The huge space under the Thomson Flyover, once famous for housing the Whitley Road Hawker Centre, is now home to the Offside futsal complex.
But Filipino architect Ronald Kendrick Rosilio believes it could be a great site for a pre-school.
"It is close to residential areas and easily accessible by public transport," said the 27-year-old, who works for a Singapore company offering green solutions.
His suggestion includes building outdoor classrooms and a playground, which would use play equipment such as bikes, swings, and see-saws that create energy.

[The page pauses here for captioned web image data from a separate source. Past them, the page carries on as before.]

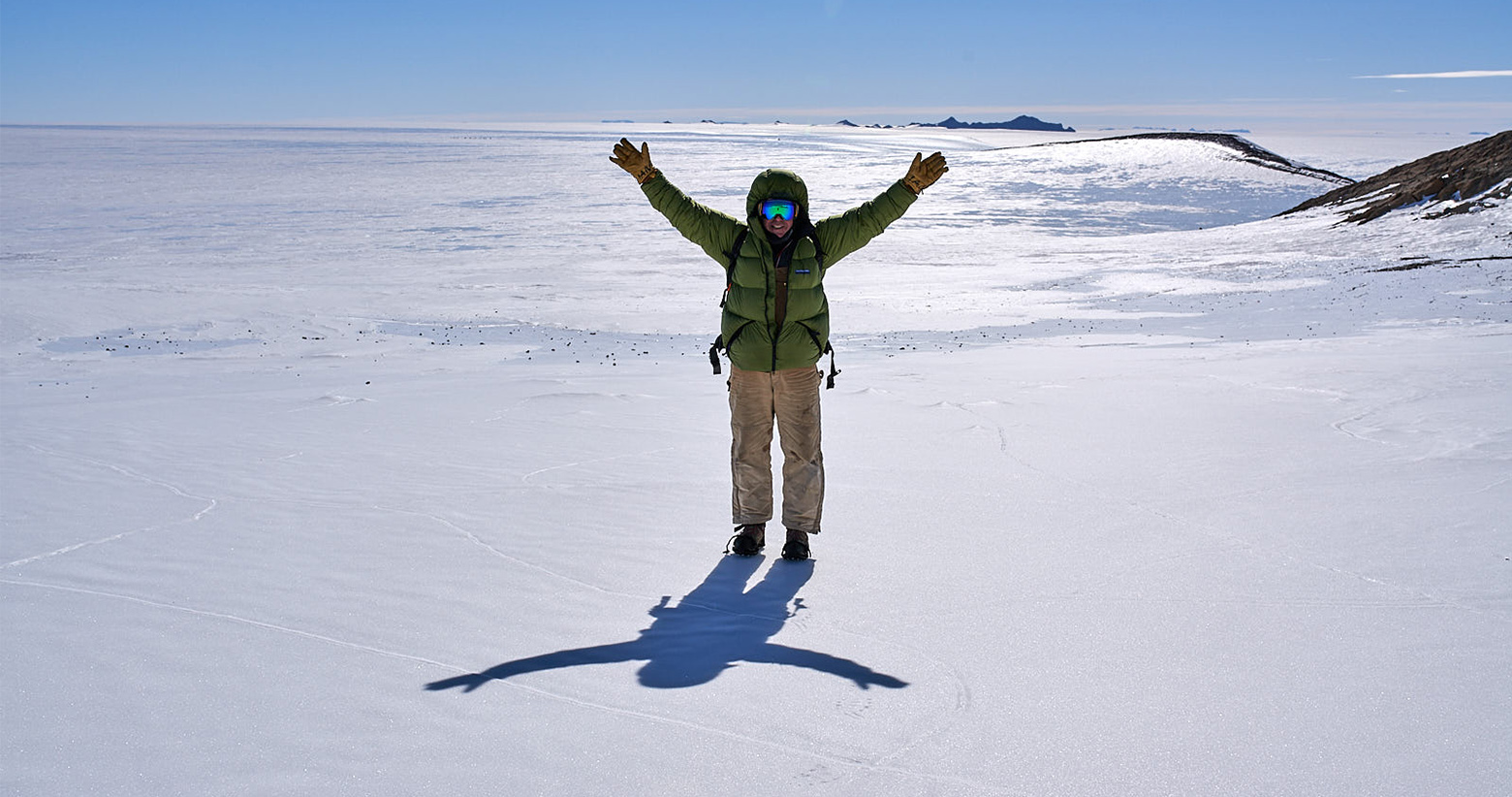 Ian van Coller in the Antarctica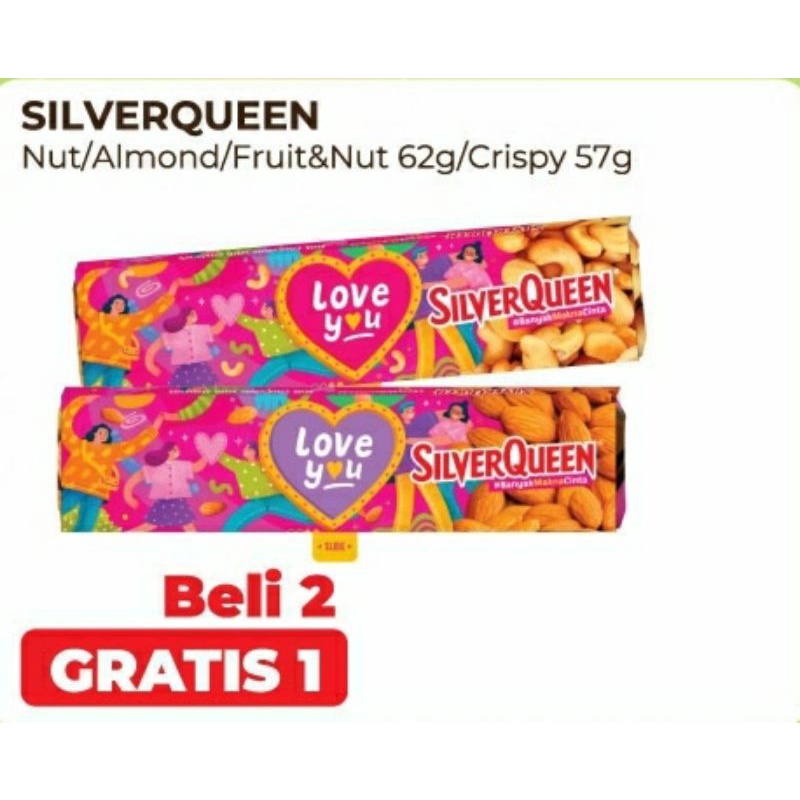 

SilverQueen Milk Chocolate Almond 62 g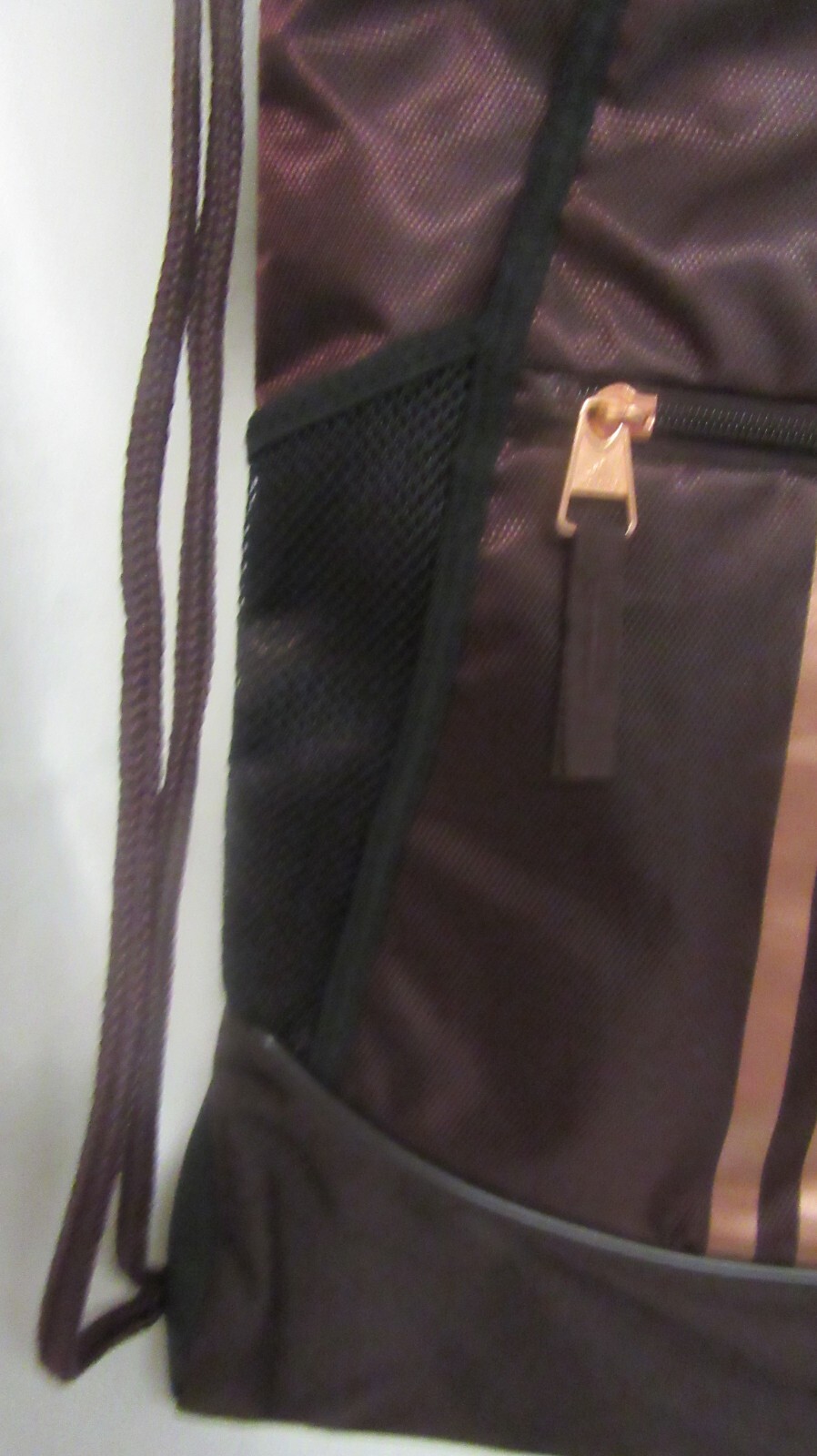 ADIDAS ALLIANCE II SACK PACK (BACK PACK) NEW W/T SHADOW BROWN/GOLD LIGHTWEIGHT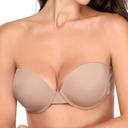 JOATEAY Adhesive Bra Backless Strapless Sticky Push Up Reusable Invisible Lift Padded Non-Slip, C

His idea was among the three winning entries in a contest organised by philanthropic organisation Lien Foundation and The Straits Times to spur the public to rethink pre-school spaces.

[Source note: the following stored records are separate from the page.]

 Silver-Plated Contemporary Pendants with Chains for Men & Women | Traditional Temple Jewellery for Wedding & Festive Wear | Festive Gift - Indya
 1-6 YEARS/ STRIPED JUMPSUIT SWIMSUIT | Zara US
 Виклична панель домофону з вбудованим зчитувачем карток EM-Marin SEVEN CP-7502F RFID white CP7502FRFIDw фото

The other two involve having a pre-school at Dakota Crescent's Dove playground and the Botanic Gardens.
Altogether, 180 readers sent in their ideas. The contest was launched after the release of A Different Class - Pre-school Spaces Redefined, a book that features 10 innovative pre-school designs.
Lekker Architects, which worked with the foundation on the book, had proposed siting kindergartens in university campuses, on top of multi-storey carparks, and along the Rail Corridor.

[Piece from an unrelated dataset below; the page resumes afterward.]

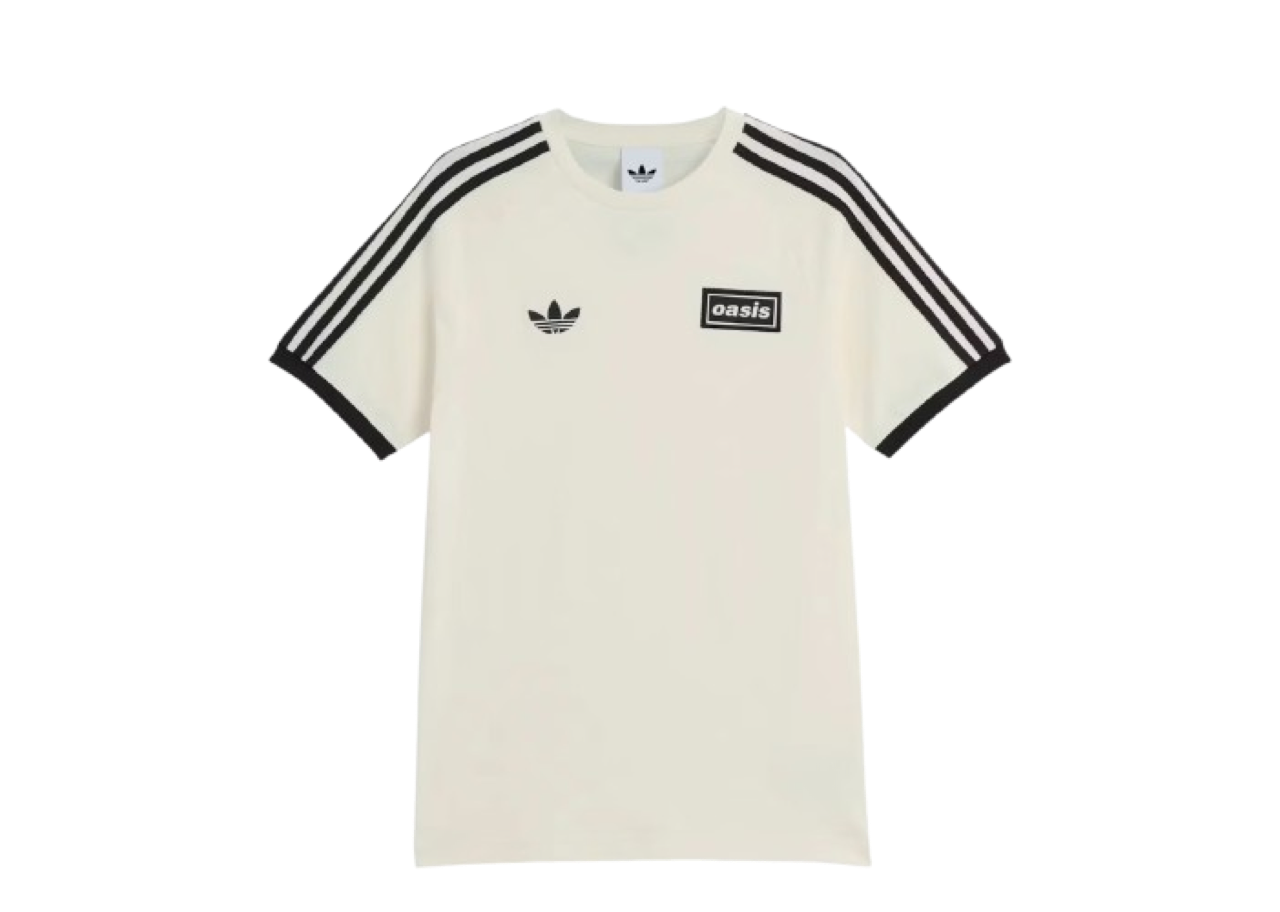 Adidas x Oasis Tour 3-Stripes T-Shirt Cream White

The winning entries were picked by Lien Foundation and Lekker.
Ms Amelia Soh, 21, an early childhood education student at the Singapore Institute of Technology, suggested building a pre-school around the Dove playground in Dakota Crescent, which is one of Singapore's oldest public housing estates.
The flats there are slated to be vacated by the end of 2016 to make way for new developments.
The Dove playground was designed in 1979 by Housing Board designer Khor Ean Ghee, who also designed the Dragon playground in Toa Payoh Lorong 6.
The third winning entry was from Mr Stanley Toh, who suggested building a pre-school designed as a greenhouse nursery in the Singapore Botanic Gardens.
Said Lien Foundation chief executive Lee Poh Wah: "The myriad range of responses we received shows how possible it is, with a little effort, to find imaginative solutions to our often-cited space constraints."